Every line of the data is to be reproduced exactly.

_RECORD EXCERPTS_:

☆ ☆ ☆ ☆ ☆

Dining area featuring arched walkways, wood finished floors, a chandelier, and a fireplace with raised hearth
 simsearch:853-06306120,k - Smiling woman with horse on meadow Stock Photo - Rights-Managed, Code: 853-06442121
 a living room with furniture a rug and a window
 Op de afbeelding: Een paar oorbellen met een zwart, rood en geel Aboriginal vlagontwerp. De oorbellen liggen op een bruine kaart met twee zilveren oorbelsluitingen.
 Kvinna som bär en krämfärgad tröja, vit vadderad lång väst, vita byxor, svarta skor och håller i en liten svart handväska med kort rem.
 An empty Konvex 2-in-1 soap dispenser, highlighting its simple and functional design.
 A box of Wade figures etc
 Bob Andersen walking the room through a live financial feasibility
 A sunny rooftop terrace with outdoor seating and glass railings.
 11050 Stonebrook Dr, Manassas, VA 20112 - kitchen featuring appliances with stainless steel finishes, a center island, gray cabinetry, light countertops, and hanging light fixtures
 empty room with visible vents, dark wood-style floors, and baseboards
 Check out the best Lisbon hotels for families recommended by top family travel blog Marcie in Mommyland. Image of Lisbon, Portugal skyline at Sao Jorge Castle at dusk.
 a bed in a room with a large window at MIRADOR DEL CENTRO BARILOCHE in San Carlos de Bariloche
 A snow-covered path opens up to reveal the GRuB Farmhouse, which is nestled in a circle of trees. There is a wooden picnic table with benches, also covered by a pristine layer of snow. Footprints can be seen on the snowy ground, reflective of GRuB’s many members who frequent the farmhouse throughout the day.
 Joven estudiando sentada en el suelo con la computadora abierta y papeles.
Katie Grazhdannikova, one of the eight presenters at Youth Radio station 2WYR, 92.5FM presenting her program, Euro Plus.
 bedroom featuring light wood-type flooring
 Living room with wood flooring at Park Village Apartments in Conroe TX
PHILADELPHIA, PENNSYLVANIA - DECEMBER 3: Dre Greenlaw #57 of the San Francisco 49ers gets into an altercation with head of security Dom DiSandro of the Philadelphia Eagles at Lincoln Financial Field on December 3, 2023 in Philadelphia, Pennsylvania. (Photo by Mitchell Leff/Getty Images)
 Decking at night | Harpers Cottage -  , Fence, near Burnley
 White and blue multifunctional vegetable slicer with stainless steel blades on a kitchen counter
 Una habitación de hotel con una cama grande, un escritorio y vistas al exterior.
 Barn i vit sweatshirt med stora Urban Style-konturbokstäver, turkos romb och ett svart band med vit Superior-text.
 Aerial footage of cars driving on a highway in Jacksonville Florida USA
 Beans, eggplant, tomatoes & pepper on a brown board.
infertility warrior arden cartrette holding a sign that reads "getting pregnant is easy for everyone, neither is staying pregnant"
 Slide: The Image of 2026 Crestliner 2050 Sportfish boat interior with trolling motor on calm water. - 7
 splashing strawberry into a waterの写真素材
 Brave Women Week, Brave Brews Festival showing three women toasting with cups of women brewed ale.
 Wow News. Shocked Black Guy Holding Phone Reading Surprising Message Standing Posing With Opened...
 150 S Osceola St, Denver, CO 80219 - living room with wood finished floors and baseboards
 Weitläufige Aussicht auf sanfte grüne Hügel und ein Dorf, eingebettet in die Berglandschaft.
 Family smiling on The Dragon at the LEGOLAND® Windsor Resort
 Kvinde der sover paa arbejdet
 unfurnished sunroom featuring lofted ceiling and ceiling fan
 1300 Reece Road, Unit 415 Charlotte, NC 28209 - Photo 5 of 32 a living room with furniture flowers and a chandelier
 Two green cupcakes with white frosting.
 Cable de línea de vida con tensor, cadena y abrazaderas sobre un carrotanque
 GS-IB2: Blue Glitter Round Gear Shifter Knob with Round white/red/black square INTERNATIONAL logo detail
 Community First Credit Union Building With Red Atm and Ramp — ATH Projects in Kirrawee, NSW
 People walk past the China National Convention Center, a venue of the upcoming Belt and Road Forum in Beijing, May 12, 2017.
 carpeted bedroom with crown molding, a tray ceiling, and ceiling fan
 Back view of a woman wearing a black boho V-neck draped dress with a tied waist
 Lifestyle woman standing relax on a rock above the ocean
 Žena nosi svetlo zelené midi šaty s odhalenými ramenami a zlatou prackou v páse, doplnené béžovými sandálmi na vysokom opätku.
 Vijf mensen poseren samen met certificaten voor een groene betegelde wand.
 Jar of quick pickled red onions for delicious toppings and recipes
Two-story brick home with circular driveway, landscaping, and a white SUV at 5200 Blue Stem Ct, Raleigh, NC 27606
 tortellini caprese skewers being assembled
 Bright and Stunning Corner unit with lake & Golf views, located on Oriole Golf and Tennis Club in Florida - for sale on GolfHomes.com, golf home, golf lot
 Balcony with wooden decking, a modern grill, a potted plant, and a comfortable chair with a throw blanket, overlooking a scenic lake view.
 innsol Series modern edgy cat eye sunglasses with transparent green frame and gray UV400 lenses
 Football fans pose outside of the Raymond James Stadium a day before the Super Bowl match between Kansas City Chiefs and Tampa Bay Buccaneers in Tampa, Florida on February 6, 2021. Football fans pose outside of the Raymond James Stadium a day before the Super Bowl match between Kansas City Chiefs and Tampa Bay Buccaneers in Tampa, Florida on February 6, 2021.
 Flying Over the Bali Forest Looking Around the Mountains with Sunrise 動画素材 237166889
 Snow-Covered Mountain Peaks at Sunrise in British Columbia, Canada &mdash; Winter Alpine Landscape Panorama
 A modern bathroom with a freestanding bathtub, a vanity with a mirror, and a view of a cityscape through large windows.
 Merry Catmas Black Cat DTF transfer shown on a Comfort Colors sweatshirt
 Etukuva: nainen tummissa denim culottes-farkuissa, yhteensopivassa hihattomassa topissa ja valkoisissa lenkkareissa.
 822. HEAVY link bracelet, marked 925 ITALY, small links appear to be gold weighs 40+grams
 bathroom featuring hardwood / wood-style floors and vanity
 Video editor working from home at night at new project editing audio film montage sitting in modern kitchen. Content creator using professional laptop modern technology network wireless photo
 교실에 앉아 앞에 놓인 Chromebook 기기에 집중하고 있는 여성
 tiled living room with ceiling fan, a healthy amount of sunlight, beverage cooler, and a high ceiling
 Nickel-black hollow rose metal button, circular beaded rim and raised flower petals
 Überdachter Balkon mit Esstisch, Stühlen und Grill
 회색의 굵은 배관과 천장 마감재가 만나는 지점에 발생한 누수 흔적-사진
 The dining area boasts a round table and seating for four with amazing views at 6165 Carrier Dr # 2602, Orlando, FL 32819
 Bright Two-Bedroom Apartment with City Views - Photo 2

☆ ☆ ☆ ☆ ☆

_EXERCISE SOLUTION_:
Dining area featuring arched walkways, wood finished floors, a chandelier, and a fireplace with raised hearth
 simsearch:853-06306120,k - Smiling woman with horse on meadow Stock Photo - Rights-Managed, Code: 853-06442121
 a living room with furniture a rug and a window
 Op de afbeelding: Een paar oorbellen met een zwart, rood en geel Aboriginal vlagontwerp. De oorbellen liggen op een bruine kaart met twee zilveren oorbelsluitingen.
 Kvinna som bär en krämfärgad tröja, vit vadderad lång väst, vita byxor, svarta skor och håller i en liten svart handväska med kort rem.
 An empty Konvex 2-in-1 soap dispenser, highlighting its simple and functional design.
 A box of Wade figures etc
 Bob Andersen walking the room through a live financial feasibility
 A sunny rooftop terrace with outdoor seating and glass railings.
 11050 Stonebrook Dr, Manassas, VA 20112 - kitchen featuring appliances with stainless steel finishes, a center island, gray cabinetry, light countertops, and hanging light fixtures
 empty room with visible vents, dark wood-style floors, and baseboards
 Check out the best Lisbon hotels for families recommended by top family travel blog Marcie in Mommyland. Image of Lisbon, Portugal skyline at Sao Jorge Castle at dusk.
 a bed in a room with a large window at MIRADOR DEL CENTRO BARILOCHE in San Carlos de Bariloche
 A snow-covered path opens up to reveal the GRuB Farmhouse, which is nestled in a circle of trees. There is a wooden picnic table with benches, also covered by a pristine layer of snow. Footprints can be seen on the snowy ground, reflective of GRuB’s many members who frequent the farmhouse throughout the day.
 Joven estudiando sentada en el suelo con la computadora abierta y papeles.
Katie Grazhdannikova, one of the eight presenters at Youth Radio station 2WYR, 92.5FM presenting her program, Euro Plus.
 bedroom featuring light wood-type flooring
 Living room with wood flooring at Park Village Apartments in Conroe TX
PHILADELPHIA, PENNSYLVANIA - DECEMBER 3: Dre Greenlaw #57 of the San Francisco 49ers gets into an altercation with head of security Dom DiSandro of the Philadelphia Eagles at Lincoln Financial Field on December 3, 2023 in Philadelphia, Pennsylvania. (Photo by Mitchell Leff/Getty Images)
 Decking at night | Harpers Cottage -  , Fence, near Burnley
 White and blue multifunctional vegetable slicer with stainless steel blades on a kitchen counter
 Una habitación de hotel con una cama grande, un escritorio y vistas al exterior.
 Barn i vit sweatshirt med stora Urban Style-konturbokstäver, turkos romb och ett svart band med vit Superior-text.
 Aerial footage of cars driving on a highway in Jacksonville Florida USA
 Beans, eggplant, tomatoes & pepper on a brown board.
infertility warrior arden cartrette holding a sign that reads "getting pregnant is easy for everyone, neither is staying pregnant"
 Slide: The Image of 2026 Crestliner 2050 Sportfish boat interior with trolling motor on calm water. - 7
 splashing strawberry into a waterの写真素材
 Brave Women Week, Brave Brews Festival showing three women toasting with cups of women brewed ale.
 Wow News. Shocked Black Guy Holding Phone Reading Surprising Message Standing Posing With Opened...
 150 S Osceola St, Denver, CO 80219 - living room with wood finished floors and baseboards
 Weitläufige Aussicht auf sanfte grüne Hügel und ein Dorf, eingebettet in die Berglandschaft.
 Family smiling on The Dragon at the LEGOLAND® Windsor Resort
 Kvinde der sover paa arbejdet
 unfurnished sunroom featuring lofted ceiling and ceiling fan
 1300 Reece Road, Unit 415 Charlotte, NC 28209 - Photo 5 of 32 a living room with furniture flowers and a chandelier
 Two green cupcakes with white frosting.
 Cable de línea de vida con tensor, cadena y abrazaderas sobre un carrotanque
 GS-IB2: Blue Glitter Round Gear Shifter Knob with Round white/red/black square INTERNATIONAL logo detail
 Community First Credit Union Building With Red Atm and Ramp — ATH Projects in Kirrawee, NSW
 People walk past the China National Convention Center, a venue of the upcoming Belt and Road Forum in Beijing, May 12, 2017.
 carpeted bedroom with crown molding, a tray ceiling, and ceiling fan
 Back view of a woman wearing a black boho V-neck draped dress with a tied waist
 Lifestyle woman standing relax on a rock above the ocean
 Žena nosi svetlo zelené midi šaty s odhalenými ramenami a zlatou prackou v páse, doplnené béžovými sandálmi na vysokom opätku.
 Vijf mensen poseren samen met certificaten voor een groene betegelde wand.
 Jar of quick pickled red onions for delicious toppings and recipes
Two-story brick home with circular driveway, landscaping, and a white SUV at 5200 Blue Stem Ct, Raleigh, NC 27606
 tortellini caprese skewers being assembled
 Bright and Stunning Corner unit with lake & Golf views, located on Oriole Golf and Tennis Club in Florida - for sale on GolfHomes.com, golf home, golf lot
 Balcony with wooden decking, a modern grill, a potted plant, and a comfortable chair with a throw blanket, overlooking a scenic lake view.
 innsol Series modern edgy cat eye sunglasses with transparent green frame and gray UV400 lenses
 Football fans pose outside of the Raymond James Stadium a day before the Super Bowl match between Kansas City Chiefs and Tampa Bay Buccaneers in Tampa, Florida on February 6, 2021. Football fans pose outside of the Raymond James Stadium a day before the Super Bowl match between Kansas City Chiefs and Tampa Bay Buccaneers in Tampa, Florida on February 6, 2021.
 Flying Over the Bali Forest Looking Around the Mountains with Sunrise 動画素材 237166889
 Snow-Covered Mountain Peaks at Sunrise in British Columbia, Canada &mdash; Winter Alpine Landscape Panorama
 A modern bathroom with a freestanding bathtub, a vanity with a mirror, and a view of a cityscape through large windows.
 Merry Catmas Black Cat DTF transfer shown on a Comfort Colors sweatshirt
 Etukuva: nainen tummissa denim culottes-farkuissa, yhteensopivassa hihattomassa topissa ja valkoisissa lenkkareissa.
 822. HEAVY link bracelet, marked 925 ITALY, small links appear to be gold weighs 40+grams
 bathroom featuring hardwood / wood-style floors and vanity
 Video editor working from home at night at new project editing audio film montage sitting in modern kitchen. Content creator using professional laptop modern technology network wireless photo
 교실에 앉아 앞에 놓인 Chromebook 기기에 집중하고 있는 여성
 tiled living room with ceiling fan, a healthy amount of sunlight, beverage cooler, and a high ceiling
 Nickel-black hollow rose metal button, circular beaded rim and raised flower petals
 Überdachter Balkon mit Esstisch, Stühlen und Grill
 회색의 굵은 배관과 천장 마감재가 만나는 지점에 발생한 누수 흔적-사진
 The dining area boasts a round table and seating for four with amazing views at 6165 Carrier Dr # 2602, Orlando, FL 32819
 Bright Two-Bedroom Apartment with City Views - Photo 2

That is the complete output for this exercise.